Rede von Cem Özdemir Ernährung und Landwirtschaft

Foto von Cem Özdemir MdB
01.02.2024

Cem Özdemir, Bundesminister für Ernährung und Landwirtschaft:

Frau Präsidentin! Liebe Kolleginnen und Kollegen! Zunächst mal will ich den Kolleginnen und Kollegen aus dem Haushaltsausschuss und dem Ausschuss für Ernährung und Landwirtschaft für ihre Unterstützung für diesen Haushalt danken.

(Frank Schäffler [FDP]: Gerne!)

Es ist uns gelungen, die Mittelausstattung der Gemeinschaftsaufgabe „Verbesserung der Agrarstruktur und des Küstenschutzes“ zu erhöhen, sodass sie fast Vorjahresniveau erreicht hat. Das kann man gern mal anerkennen.

(Beifall beim BÜNDNIS 90/DIE GRÜNEN und bei der SPD sowie bei Abgeordneten der FDP – Zuruf des Abg. Frank Rinck [AfD])

Das habe ich beim Kollegen Rief vermisst. Ich schwätze ja Schwäbisch, und ich hätte es gehört, wenn Sie es gesagt hätten.

Das beinhaltet bis zu 125 Millionen Euro aus dem Klima- und Transformationsfonds zur Förderung des Waldumbaus und der Wiederaufforstung – sehr gut angelegtes Geld in die Zukunft unserer Wälder.

(Beifall beim BÜNDNIS 90/DIE GRÜNEN und bei der SPD sowie des Abg. Ulrich Lechte [FDP])

Das beinhaltet 30 Millionen Euro für das neue „Chancenprogramm Höfe“, um zukünftig noch stärker alternative Proteine vom Acker bis zum Teller zu fördern, weil wir uns auch da den veränderten Ernährungsgewohnheiten anpassen.

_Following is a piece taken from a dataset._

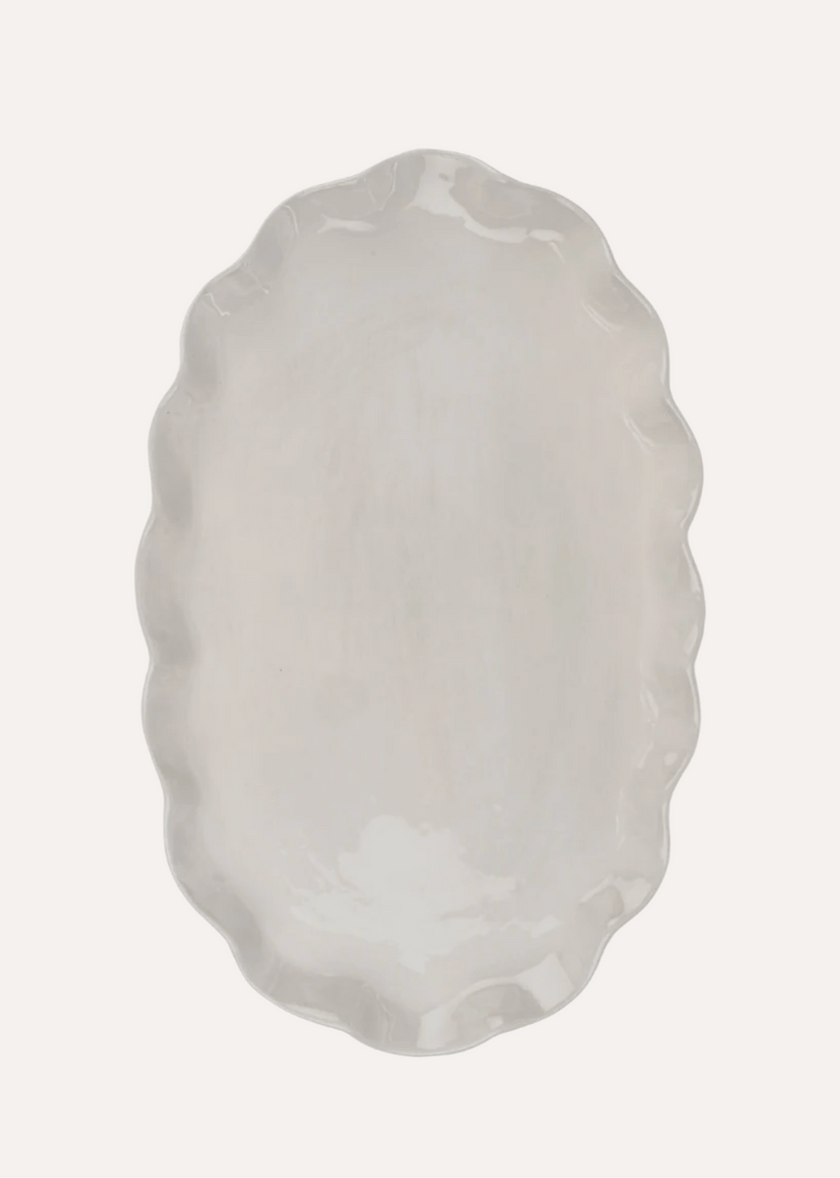 Calypso Scalloped Platter – Set of 2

Darüber hinaus erhöhen wir die Mittel für das Bundesprogramm Ökologischer Landbau, für nachwachsende Rohstoffe, für die Ackerbaustrategie, für Innovationsförderung, für das Thema „Messen im Ausland“ – alles, was unserer Landwirtschaft hilft.

(Beifall beim BÜNDNIS 90/DIE GRÜNEN und bei der SPD sowie bei Abgeordneten der FDP)

Außerdem – die Kollegen von der Opposition haben das angesprochen -schafft dieser Haushalt endlich die Grundlage für den zukunftsfesten Wandel unserer Tierhaltung. Passend dazu kommen gute Nachrichten aus Brüssel: Die EU-Kommission hat unser Bundesprogramm zur Weiterentwicklung der Tierhaltung genehmigt. Die Notifizierung für Schweinehalter ist da. Auch das könnte man ja mal anerkennen, wenn man ein bisschen fair ist.

(Beifall beim BÜNDNIS 90/DIE GRÜNEN und bei der SPD)

1 Milliarde Euro steht allein in den kommenden Jahren zur Verfügung.

Herr Kollege Stegemann, ich erkläre es gerne noch mal für die Bürgerinnen und Bürger:

(Zuruf der Abg. Esther Dilcher [SPD])

Die Borchert-Kommission hat die 3 bis 4 Milliarden Euro für alle Nutztierarten zusammen vorgesehen. Wir haben ja daraus, dass das nicht geklappt hat, gelernt, dass wir Schritt für Schritt vorgehen, uns die Genehmigung aus Brüssel holen. Jetzt kommt der nächste Schritt, wie versprochen. Messen Sie mich daran! Die Außer-Haus-Verpflegung wird schon sehr bald der nächste Schritt sein. Am Ende wird man die Summe brauchen; aber jetzt brauche ich das Geld gar nicht. Auch Sie können doch rechnen. Kollege Rief ist in Baden-Württemberg zur Schule gegangen; der kann es Ihnen gerne nachrechnen.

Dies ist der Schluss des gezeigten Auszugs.